Flinders Port Holdings – enabling growth in South Australia’s mining sector

Image: Flinders Port.

This month, Flinders Port Holdings (FPH) marked six months since the completion of the Outer Harbor channel widening at Port Adelaide.

The $80 million project opened South Australia’s only container terminal to “post-panamax” ships, bringing it up to pan Australian standards in handling capacity.

The project was also a major milestone in the group’s long-term vision for delivering world-leading port services for the state’s key industries such as grain, wine, and mining.

Through its bulk handling operations at Port Adelaide and a number of its regional ports, FPH is the major supply chain and ports partner for South Australia’s mining sector.

To date, the company has successfully managed the impact of the coronavirus pandemic with all port supply chain and logistics services remaining operational throughout the last three months.

This business-as-usual status has been especially important for a mining sector which has also managed to continue production and exports without pause during COVID-19.

The focus is now on ensuring that FPH can continue to deliver the shipping and logistics support the expanding South Australian mining industry needs.
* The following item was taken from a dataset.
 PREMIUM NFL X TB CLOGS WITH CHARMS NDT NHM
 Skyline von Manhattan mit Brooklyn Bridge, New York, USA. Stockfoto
While demand for some key exports did drop during COVID-19, the long-term projections for demand from key markets, not least China, remain strong.

The group will complete a major master planning exercise this year, mapping out its infrastructure development plans for the next fifty years. But significant investment and development is already underway.
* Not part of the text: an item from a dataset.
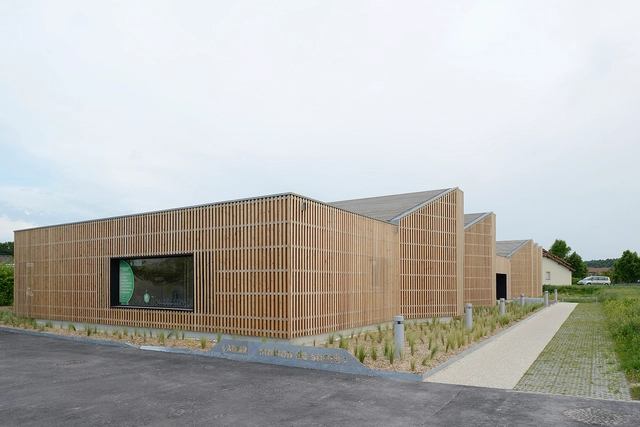 Centro clínico municipal / studiolada architects - Centro De Salud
At Thevenard, a key regional port near Ceduna, FPH is overseeing a multi-million-dollar port upgrade. The project is scheduled to be completed by November 2020.

Deck installation has just passed the 50 per cent completion while new jetty and conveyor support steelwork installation is around 65 per cent complete. In addition to grain, the port facilitates significant export of gypsum, salt and mineral sands, predominantly zircon, while local mining partners have highlighted the potential for further expansion in the region’s Eucla Basin as well as other deposits.

The upgrade of Thevenard will make the commercialisation of such projects more efficient and cost-effective and underlines the important partner role FPH is playing within the mining sector.

More broadly, the state has set ambitious targets for international exports of energy and mining commodities starting at $8 billion in 2025 and $13 billion by 2030.

Through its master planning process, and works already underway, FPH is ensuring it is ready to facilitate this growth.